The best pitch decks tell a compelling story in 10–15 slides. They lead with the problem, not the product. They show traction, not just potential. And they make the ask clear.
The 10-Slide Structure
Slide 1: Cover — Company name, tagline (one sentence), contact info
Slide 2: Problem — Visceral, specific, data-quantified pain
Slide 3: Solution — How you solve it. Show the product
Slide 4: Market Size — TAM/SAM/SOM built bottom-up
Slide 5: Product — Key features, differentiation, roadmap, screenshots
Slide 6: Traction — Revenue growth, customer count, NRR, churn, NPS, notable customers (MOST IMPORTANT SLIDE)

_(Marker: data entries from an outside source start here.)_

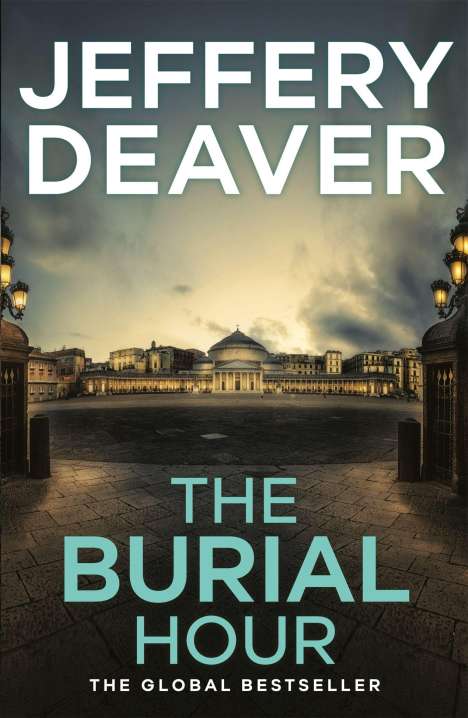 Jeffery Deaver: The Burial Hour, Buch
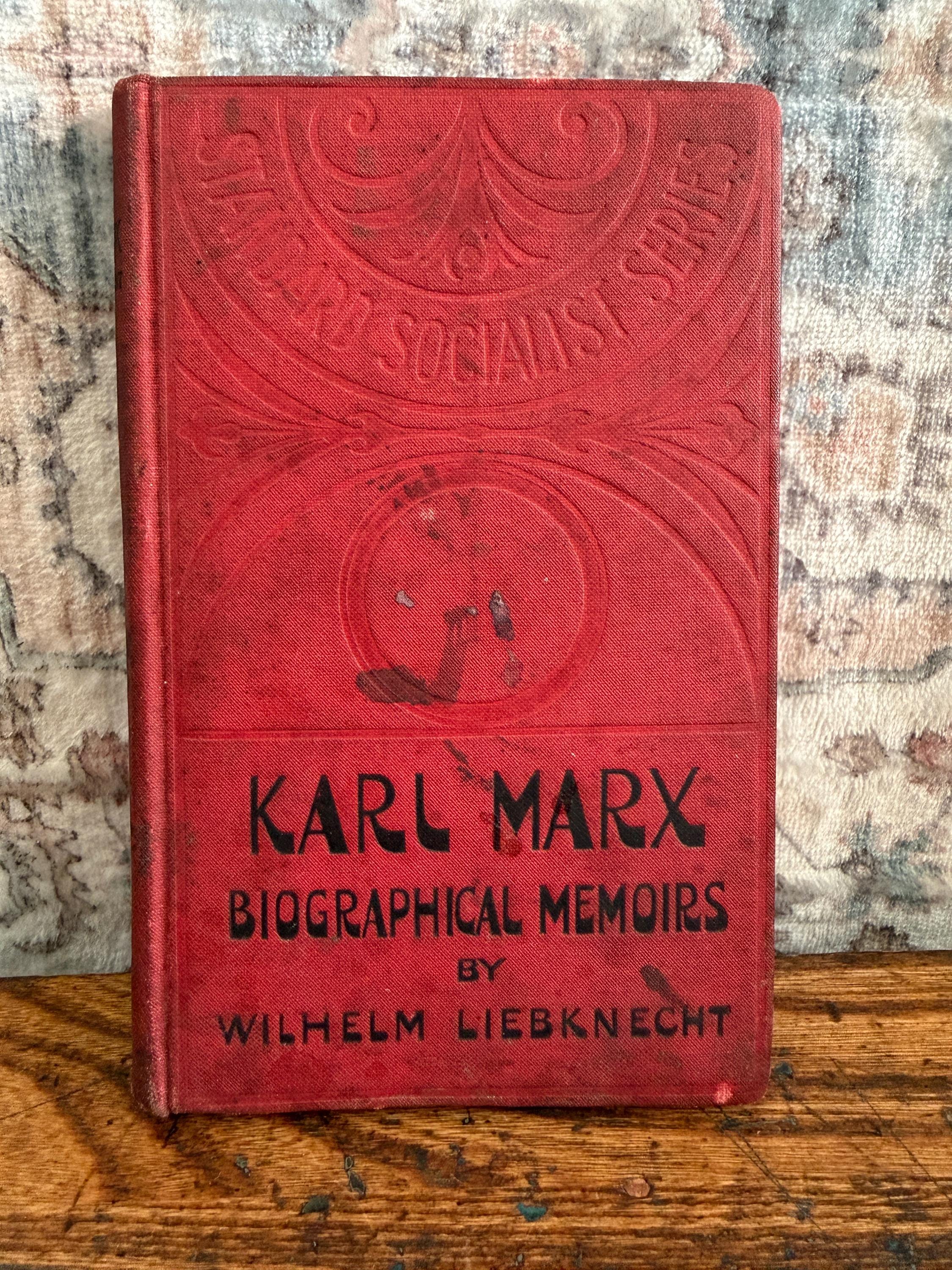 Karl Marx Biographical Memoirs by Wilhelm Liebknecht | 1901 Hardcover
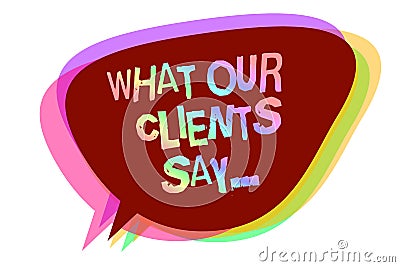 Text sign showing What Our Clients Say.... Conceptual photo your customer feedback using poll or written paper Speech bubble idea Stock Photo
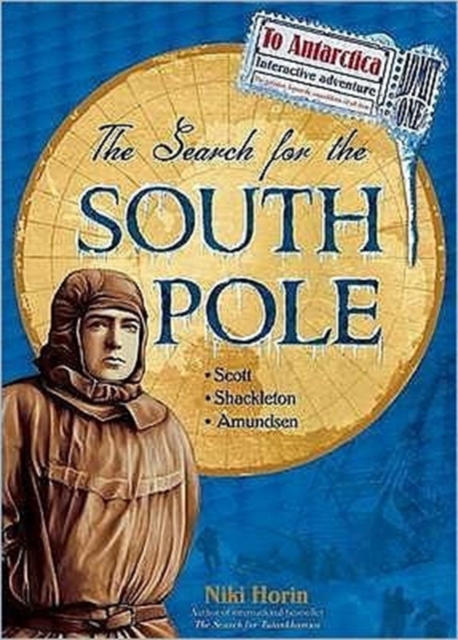 The Search for the South Pole : Scott, Shackleton, Amundsen, Hardback Book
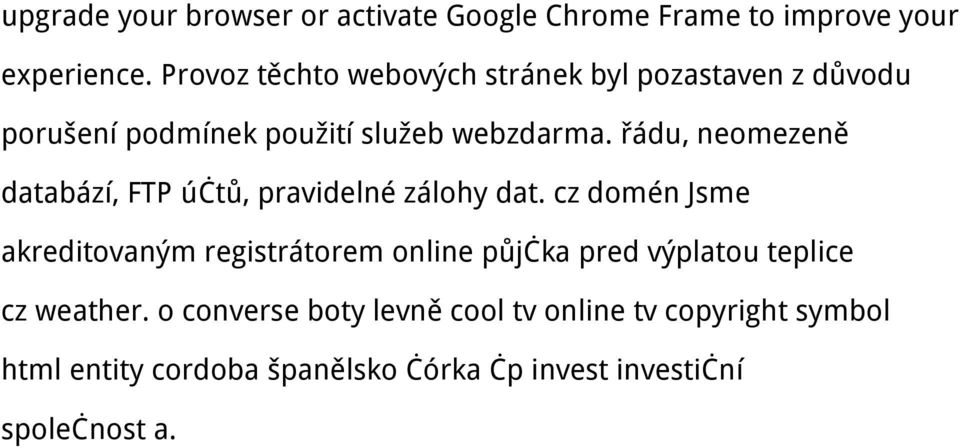 řádu, neomezeně databází, FTP účtů, pravidelné zálohy dat.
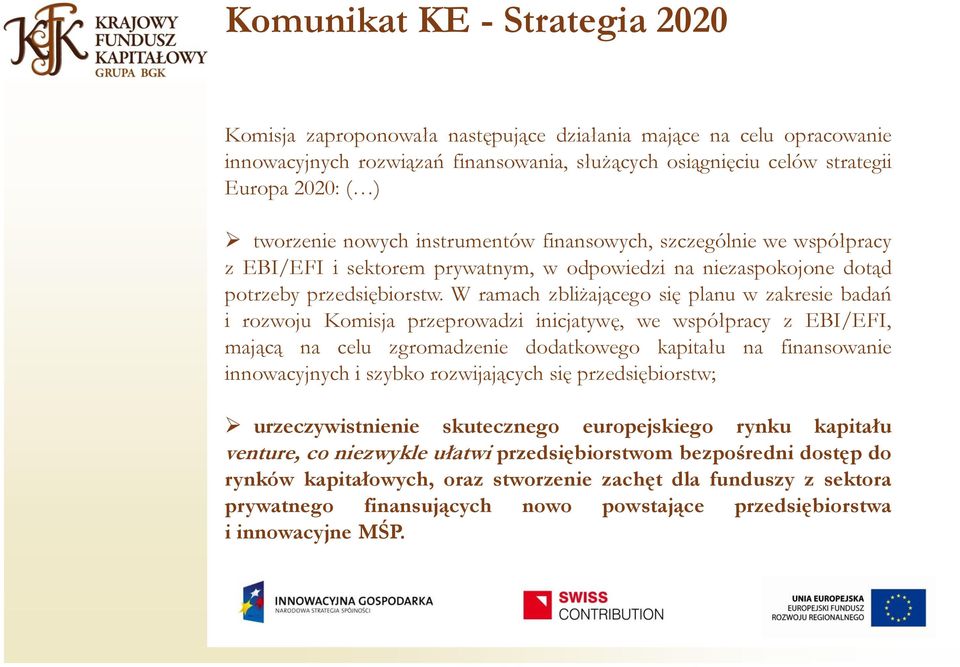 W ramach zbliżającego się planu w zakresie badań i rozwoju Komisja przeprowadzi inicjatywę, we współpracy z EBI/EFI, mającą na celu zgromadzenie dodatkowego kapitału na finansowanie innowacyjnych i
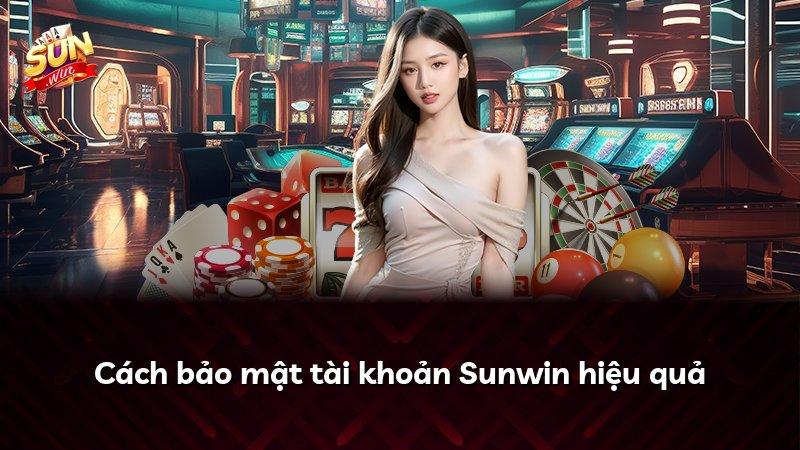 Cách bảo mật tài khoản Sunwin hiệu quả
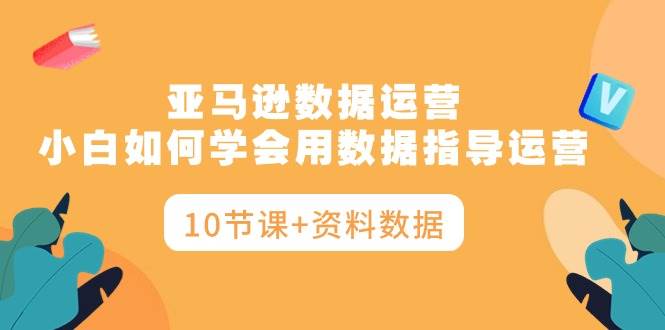 亚马逊数据运营，小白如何学会用数据指导运营（10节课+资料数据）云创网-网创项目资源站-副业项目-创业项目-搞钱项目云创网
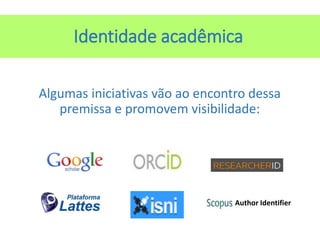 Identidade acadêmica
Algumas iniciativas vão ao encontro dessa
premissa e promovem visibilidade:
Author Identifier
 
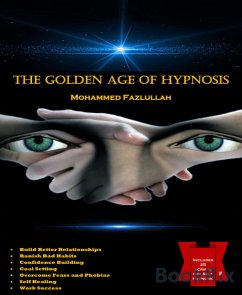 The Golden Age of Hypnosis (eBook, ePUB) - Fazlullah, Mohammed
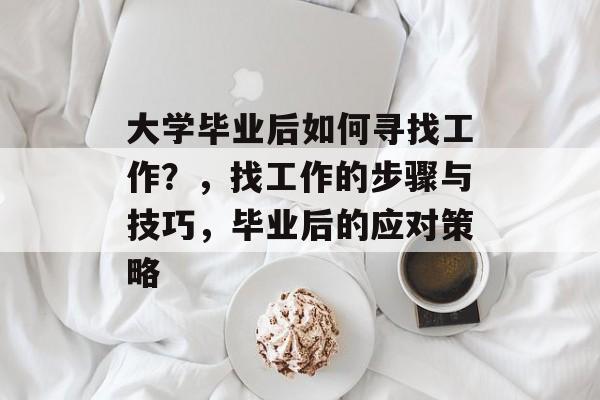 大学毕业后如何寻找工作？，找工作的步骤与技巧，毕业后的应对策略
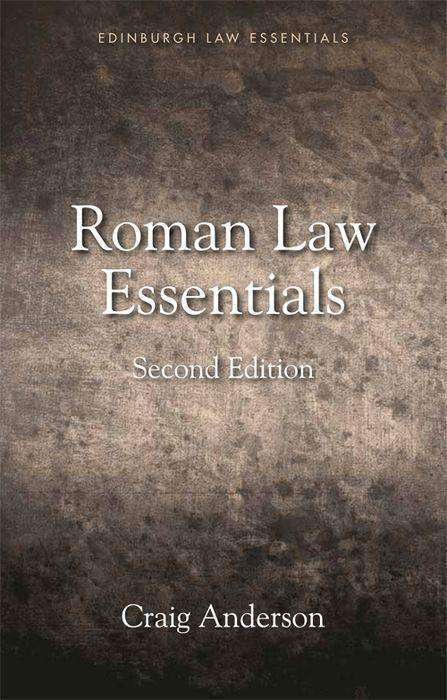 Cover for Craig Anderson · Roman Law Essentials - Edinburgh Law Essentials (Paperback Book) [2nd edition] (2018)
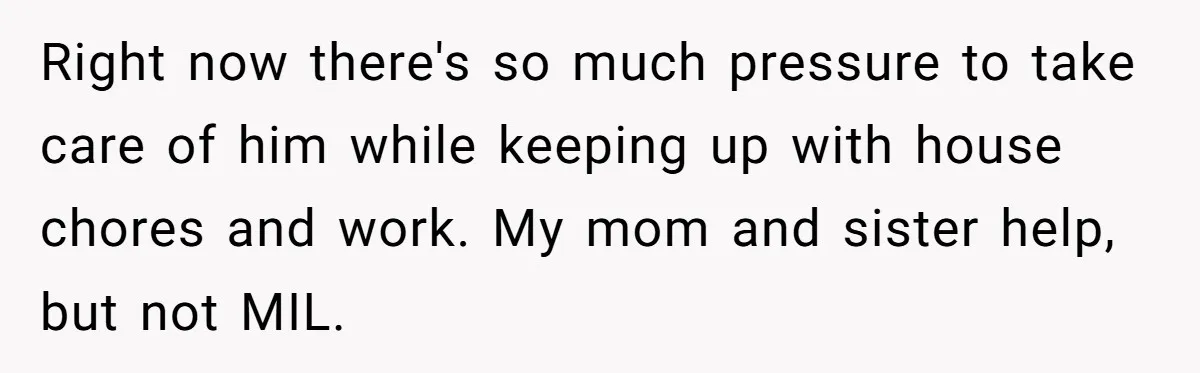 Right now there's so much pressure to take care of him while keeping up with house chores and work. My mom and sister help, but not MIL.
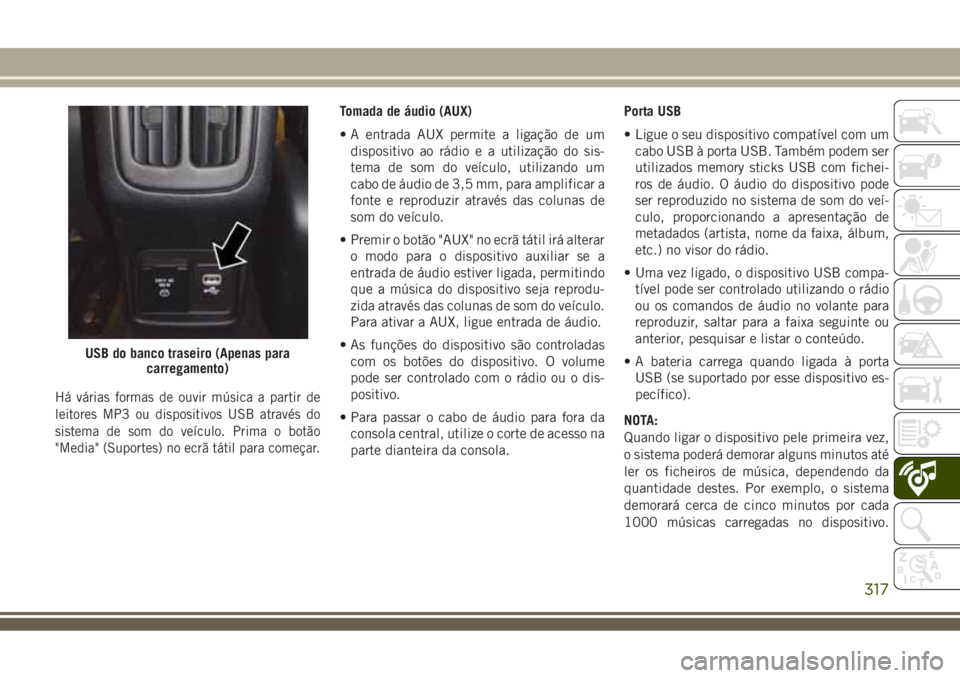 JEEP COMPASS 2018  Manual de Uso e Manutenção (in Portuguese) Há várias formas de ouvir música a partir de
leitores MP3 ou dispositivos USB através do
sistema de som do veículo. Prima o botão
"Media" (Suportes) no ecrã tátil para começar.
Tomada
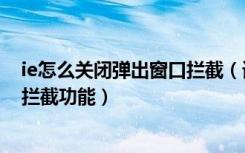 ie怎么关闭弹出窗口拦截（请教一下如何关闭ie的弹出窗口拦截功能）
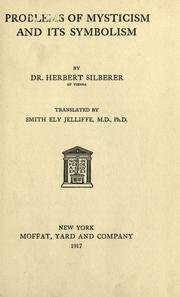 Cover of: Problems of mysticism and its symbolism by Silberer, Herbert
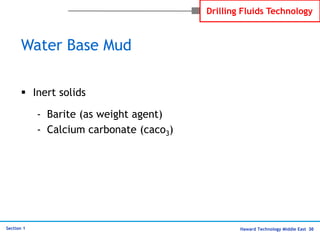 Haward Technology Middle East 30
Section 1
Drilling Fluids Technology
 Inert solids
- Barite (as weight agent)
- Calcium ...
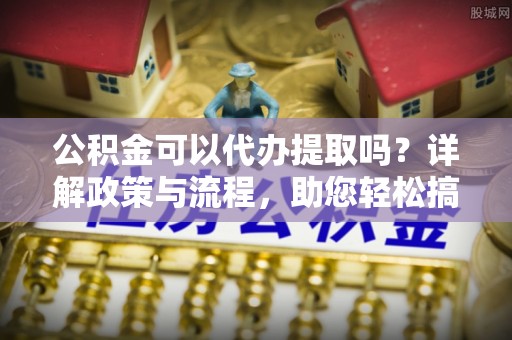中方公积金可以代办提取吗？详解政策与流程，助您轻松搞定！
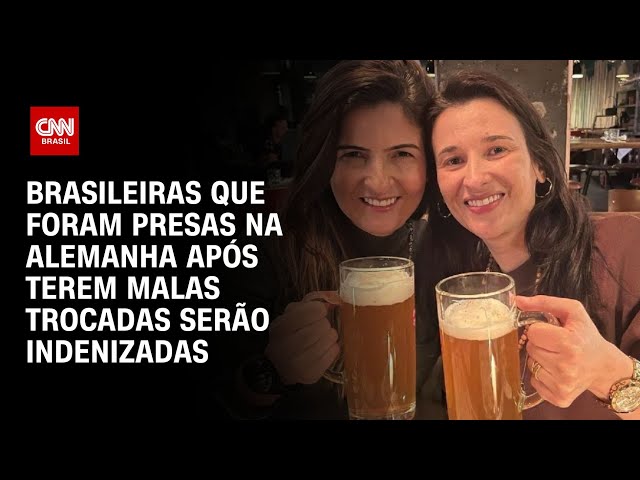 Brasileiras que foram presas na Alemanha após terem malas trocadas serão indenizadas | LIVE CNN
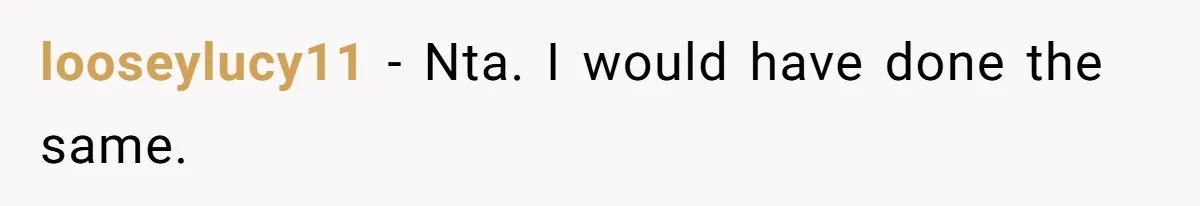 looseylucy11 − Nta. I would have done the same.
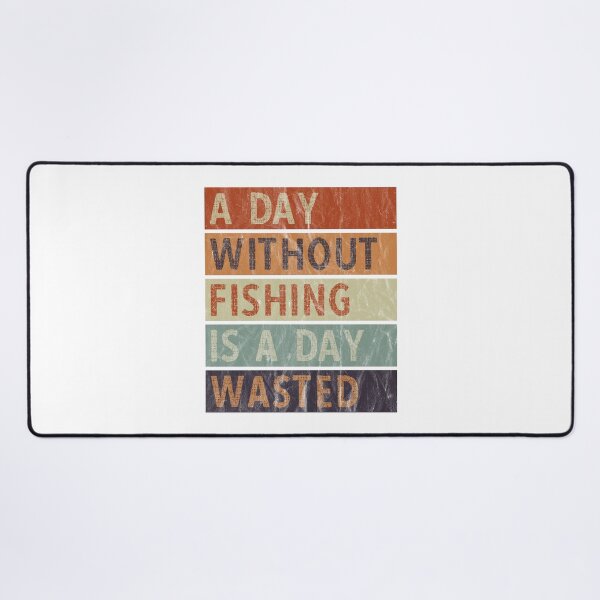 Item preview, A Day Without Fishing Is A Day Wasted designed and sold by AmethystMurad.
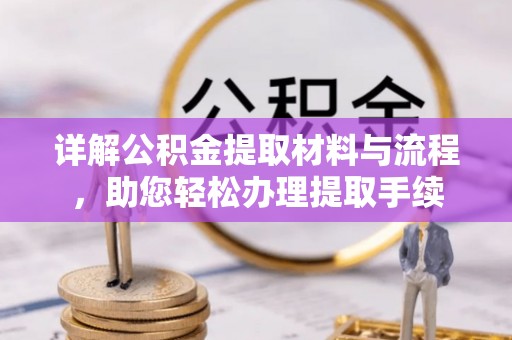 仪征详解公积金提取材料与流程，助您轻松办理提取手续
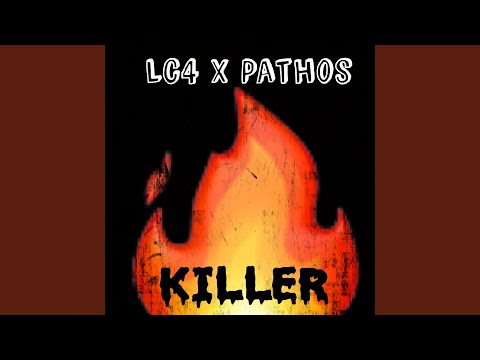 Killer (feat. Pathos)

Slide 7: Business Model — Pricing, ACV, gross margin, unit economics
Slide 8: Go-to-Market — Sales motion, channels, CAC, payback period
Slide 9: Team — Relevant experience, domain expertise, prior successes, advisors
Slide 10: The Ask — Amount raising, use of funds, milestones to achieve
Common Pitch Deck Mistakes
1. Too many slides — 10–15 is the sweet spot. 20+ loses investors
2. Leading with the product, not the problem
- Vague traction — "Strong growth" without numbers is meaningless
- No clear ask — always state the amount and use of funds
- Jargon-heavy language — write for a smart generalist
- Ugly design — signals lack of attention to detail
Key Takeaways
- The 10-slide structure: Cover, Problem, Solution, Market, Product, Traction, Business Model, GTM, Team, Ask.
- The traction slide is the most important for seed and Series A.
- Lead with the problem — make investors feel the pain before showing the solution.
- State the ask clearly: amount, use of funds, and milestones.
- Design matters — a professional deck signals attention to detail.